The Best Picture Oscar for 1945 went to a sentimental 1944 confection called Going My Way, full of lovable priests, scrappy orphan kids, and Bing Crosby crooning “Swinging on a Star.” (I just learned Going My Way was largely filmed not far from me, in Santa Monica’s own venerable St. Monica’s Catholic Church.) The film won eight Oscars, including a Best Actor statuette for Crosby at his laid-back best. Ireland’s Barry Fitzgerald copped an Oscar too: remarkably he was nominated both in the Best Actor and Best Supporting Actor categories, prompting a key rule change.

 I suspect that in early 1945, with World War II finally drawing to a close, both critics and audiences (not to mention Academy voters) were eager to reward movies that always  looked on the bright side. In competition with Going My Way for its various Oscar honors were soppy tearjerkers (Since You Went Away) and some of Hollywood’s grandest, darkest takes on crime and punishment. This was the year of Gaslight, Laura, and a noir classic, Double Indemnity. None of these, surely, was designed to cheer the war-weary, but they still appeal to all of us who like our entertainment with a frisson of danger.

 Double Indemnity was nominated for seven Oscars, but nabbed nary a one.

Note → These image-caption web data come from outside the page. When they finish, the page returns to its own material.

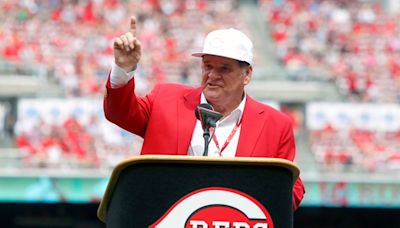 Pete Rose, baseball's hit leader who was caught betting on games, dead at 83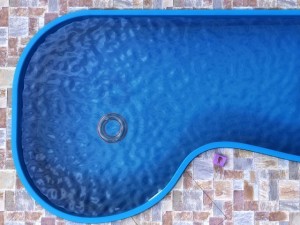 garden pool 3D Model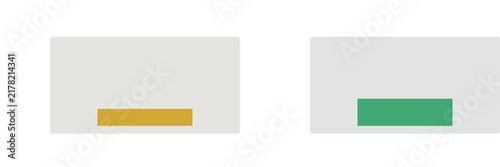 фотографія Data story infographic combining trend, bar, and highlight card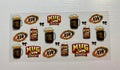 Food/Drinks 117 Decals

It essentially launched Billy Wilder’s brilliant directing career: he was nominated for his direction of the film, and also for the screenplay on which he collaborated with none other than Raymond Chandler, adapting a novel by James M. Cain.  His leading lady, the dangerously sultry Barbara Stanwyck, was a Best Actress nominee for Double Indemnity, but lost as she had before and would again. The film’s two key males, Fred MacMurray and Edward G. Robinson, gave brilliant performances but were entirely overlooked by members of the Academy. In later years, MacMurray would find his greatest success in Disney comedies and as a fumbling father in My Three Sons. I would never have guessed, when watching him be avuncular in Son of Flubber, that he’d make such a memorable heel.

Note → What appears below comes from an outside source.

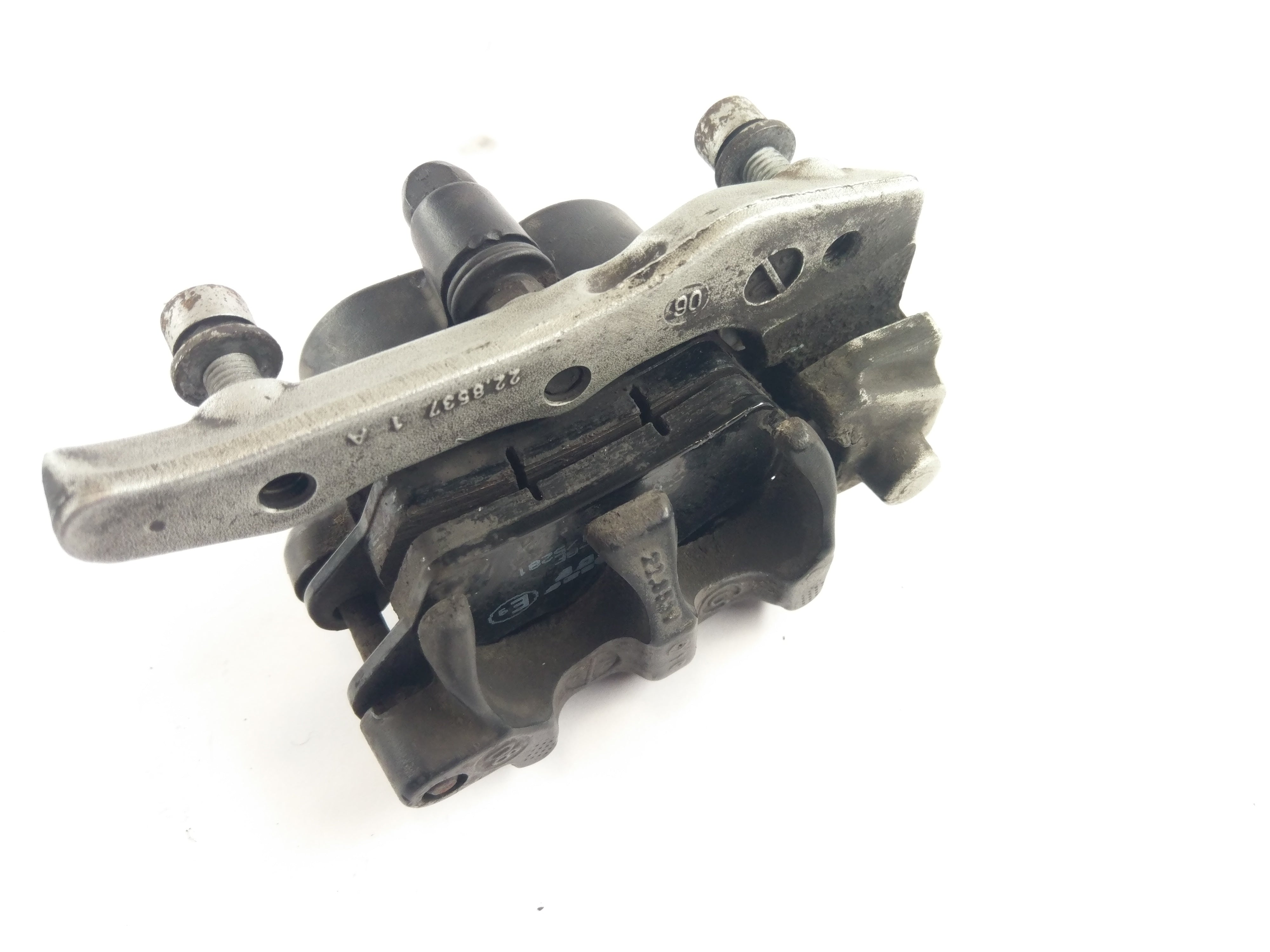 BMW R 1200 R K27 [2007] - rear brake caliper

 Filmmakers used to love casting Stanwyck as a smart, conniving dame falling for an innocent, good-hearted guy. (See, for instance, her pairing with Gary Cooper in Wilder’s Ball of Fire.)  In Double Indemnity she’s still smart and conniving, but her leading man, MacMurray, is no innocent.  As insurance salesman Walter Neff, he’s clearly proud of his conquests, actuarial and otherwise. He’s making time with Stanwyck’s unhappy housewife from the get-go, and he’s quick to come up with a “double indemnity” scheme that will help all of her marital problems go away, while leaving the two of them rolling in dough. The trouble with Walter: he’s not as smart as he thinks he is. The plot goes off without a hitch . . . until it doesn’t. And I don’t feel required to add a spoiler alert, because – through the film’s classic use of voiceover narration -- we know from the start who did what to whom. There is, of course, a sly final wrinkle we probably didn’t see coming.

 Wilder’s touch can be found in the film’s crackling dialogue, and also in some effective directorial flourishes. My favorite involves the connection between MacMurray and Robinson as his crusty but tender-hearted boss. Throughout the film, MacMurray has been quick to strike a match, lighting Robinson’s ever-present stogie. Then, as all hope fades for our hero, it’s Robinson’s Barton Keyes who supplies the flame for the cigarette of his failed protégée. If only Neff had had his mentor’s clear-eyed vision . . . but then we’d be without this great film.